With Dwell, released 24th January on Ghostly International, Recondite departs from his iconic club-oriented sound and delivers a fresh but ever so slightly monotonous experience.
In his sixth album to date, Recondite intricately blends the sumptuous tones reminiscent of his 2015 release Placid with the sharp synthesisers and strings featured on his 2018 Rainmaker. It’s refreshing but lacks the hard-hitting kick drums and snares requisite of the bewitching dance tracks he has produced elsewhere.
Recondite has always been at his best when he manages to strike that magical balance between atmosphere and thumbing beats, and on Dwell he hits this elusive sweet spot a little too rarely. The problem is there’s too much emphasis on the synths and not quite enough on the beats. That’s not to say the synths are bad in themselves, but rather without the presence of much meaty percussion the tracks tend to have more of a pacifying than exciting quality to them.

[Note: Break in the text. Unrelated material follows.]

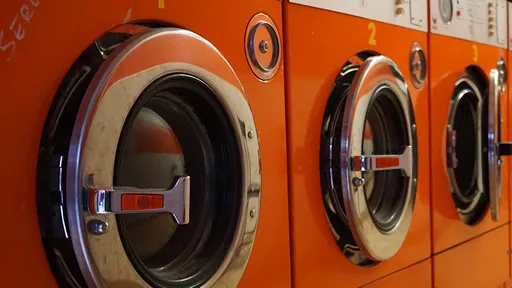 5寶爸媽吃飽飯驚覺小孩少一個 3歲女兒關洗衣機內窒息斃命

The meticulous and progressive layering now indicative of Recondite remains in every track. But once many tracks reach their peak, the initially provocative synth sounds drift into drones with less resonance. These tracks then continue for another two or three minutes whilst their musical elements are incrementally removed, which can make for tedious listening.

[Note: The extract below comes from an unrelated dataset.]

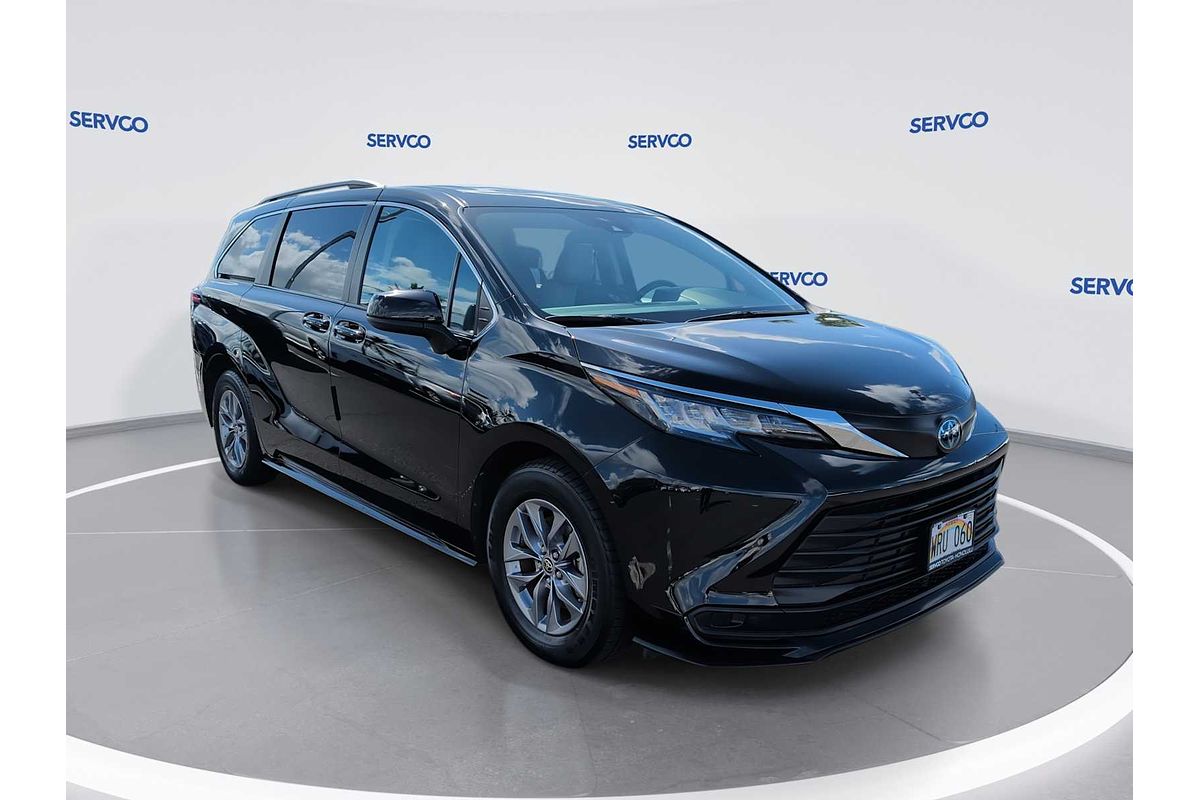 2022 Toyota SIENNA LE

It’s a shame because in each of these tracks Recondite gives himself the chance to hit the raver’s golden mean between atmosphere and dance-floor appeal, but typically only skims its edges before meandering away from the gritty beats needed to lift the album out of its slumber.
There is however one track which manages to tread this musical tightrope and the payoff is spectacular. In Black Letter Recondite balances menacing and arpeggiated synths against hollow drum beats, which serves as a stark reminder that he can create chilling dance tracks that have filled fabled venues such as Printworks and even Bernay Abbey in France.

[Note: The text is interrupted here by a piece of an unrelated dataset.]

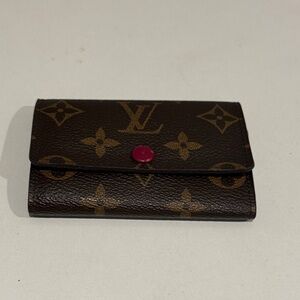 Louis Vuitton key holder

There are certainly other moments of brilliance scattered throughout Dwell, but that’s the thing – they are moments, not sustained periods of Recondite’s best sounding work. The healthy reverb on Nobilia’s synths works well to establish a sense of unease and Wire Threat’s rising piano notes are complimented by stretched basslines. But both tracks slip into wearisome, repetitive numbers only ever intermittently revived by bursts of promising percussion.
Recondite’s latest record diverges from the dynamic drumbeats and hypnotic loops featured in his previous EP Silk and instead embraces a tad too eagerly the more reflective sounds in his repertoire. It’s not that he is ever heavy handed in this approach, and it certainly brings to the fore his unique talent for producing obscure sounds that have captivated techno enthusiasts in their thousands. It’s just that without much powerful percussion it lacks the braggadocio and swagger of his other productions.